* _RECORDS PROVIDED_
§ §
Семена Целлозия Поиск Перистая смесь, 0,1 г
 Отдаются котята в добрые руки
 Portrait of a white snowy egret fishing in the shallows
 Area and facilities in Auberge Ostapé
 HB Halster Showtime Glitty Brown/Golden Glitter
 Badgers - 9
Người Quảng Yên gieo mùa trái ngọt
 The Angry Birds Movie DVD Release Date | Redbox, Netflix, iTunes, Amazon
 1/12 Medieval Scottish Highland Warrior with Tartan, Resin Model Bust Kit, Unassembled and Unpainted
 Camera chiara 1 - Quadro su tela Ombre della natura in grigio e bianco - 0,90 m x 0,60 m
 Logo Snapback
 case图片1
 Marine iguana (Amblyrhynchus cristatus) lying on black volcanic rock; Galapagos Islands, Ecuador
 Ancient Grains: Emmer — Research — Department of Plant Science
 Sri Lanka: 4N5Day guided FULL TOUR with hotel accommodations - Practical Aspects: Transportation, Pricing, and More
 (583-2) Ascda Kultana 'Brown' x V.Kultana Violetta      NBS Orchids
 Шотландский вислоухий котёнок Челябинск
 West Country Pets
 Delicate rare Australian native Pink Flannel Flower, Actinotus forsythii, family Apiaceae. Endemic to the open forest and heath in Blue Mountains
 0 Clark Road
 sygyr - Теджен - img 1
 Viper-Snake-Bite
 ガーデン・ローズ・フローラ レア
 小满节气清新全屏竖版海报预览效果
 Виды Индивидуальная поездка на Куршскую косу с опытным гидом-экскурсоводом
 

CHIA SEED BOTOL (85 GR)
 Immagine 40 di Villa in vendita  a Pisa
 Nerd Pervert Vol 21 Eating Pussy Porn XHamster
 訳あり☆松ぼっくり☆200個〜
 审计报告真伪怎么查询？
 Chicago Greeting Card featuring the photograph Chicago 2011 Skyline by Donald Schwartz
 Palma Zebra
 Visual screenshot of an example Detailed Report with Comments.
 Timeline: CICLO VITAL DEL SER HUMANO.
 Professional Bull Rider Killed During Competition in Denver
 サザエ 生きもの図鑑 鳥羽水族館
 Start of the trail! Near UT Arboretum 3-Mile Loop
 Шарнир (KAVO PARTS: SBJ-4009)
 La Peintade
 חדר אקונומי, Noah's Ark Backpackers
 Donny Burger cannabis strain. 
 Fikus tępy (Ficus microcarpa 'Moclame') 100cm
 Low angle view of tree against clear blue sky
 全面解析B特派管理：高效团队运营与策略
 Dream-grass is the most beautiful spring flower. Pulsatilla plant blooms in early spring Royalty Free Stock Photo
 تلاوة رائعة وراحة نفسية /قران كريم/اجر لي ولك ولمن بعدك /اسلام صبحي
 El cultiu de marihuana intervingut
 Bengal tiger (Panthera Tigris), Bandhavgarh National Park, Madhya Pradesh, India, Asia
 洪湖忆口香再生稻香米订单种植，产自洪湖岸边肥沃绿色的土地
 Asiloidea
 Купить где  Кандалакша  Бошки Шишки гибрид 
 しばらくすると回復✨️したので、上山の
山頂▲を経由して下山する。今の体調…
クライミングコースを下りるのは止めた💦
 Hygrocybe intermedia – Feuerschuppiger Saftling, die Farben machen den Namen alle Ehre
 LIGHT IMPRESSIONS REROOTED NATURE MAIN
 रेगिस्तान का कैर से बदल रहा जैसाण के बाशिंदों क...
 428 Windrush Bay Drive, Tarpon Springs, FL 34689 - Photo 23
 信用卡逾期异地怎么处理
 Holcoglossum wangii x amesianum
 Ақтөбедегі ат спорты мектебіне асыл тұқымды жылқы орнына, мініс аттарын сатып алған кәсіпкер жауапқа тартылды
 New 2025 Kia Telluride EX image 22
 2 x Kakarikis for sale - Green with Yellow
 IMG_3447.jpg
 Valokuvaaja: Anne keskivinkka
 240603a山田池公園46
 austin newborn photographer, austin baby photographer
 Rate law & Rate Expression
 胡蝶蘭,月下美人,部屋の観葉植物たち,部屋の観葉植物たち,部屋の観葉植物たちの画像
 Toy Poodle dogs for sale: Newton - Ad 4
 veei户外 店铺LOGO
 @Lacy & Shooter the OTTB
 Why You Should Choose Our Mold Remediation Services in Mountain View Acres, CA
§ §
* _WORK TO BE COMPLETED_
From the first line of the listing above through the line that contains "1/12 Medieval Scottish", set down each line without alteration, and nothing else.

* _TASK ANSWER_
Семена Целлозия Поиск Перистая смесь, 0,1 г
 Отдаются котята в добрые руки
 Portrait of a white snowy egret fishing in the shallows
 Area and facilities in Auberge Ostapé
 HB Halster Showtime Glitty Brown/Golden Glitter
 Badgers - 9
Người Quảng Yên gieo mùa trái ngọt
 The Angry Birds Movie DVD Release Date | Redbox, Netflix, iTunes, Amazon
 1/12 Medieval Scottish Highland Warrior with Tartan, Resin Model Bust Kit, Unassembled and Unpainted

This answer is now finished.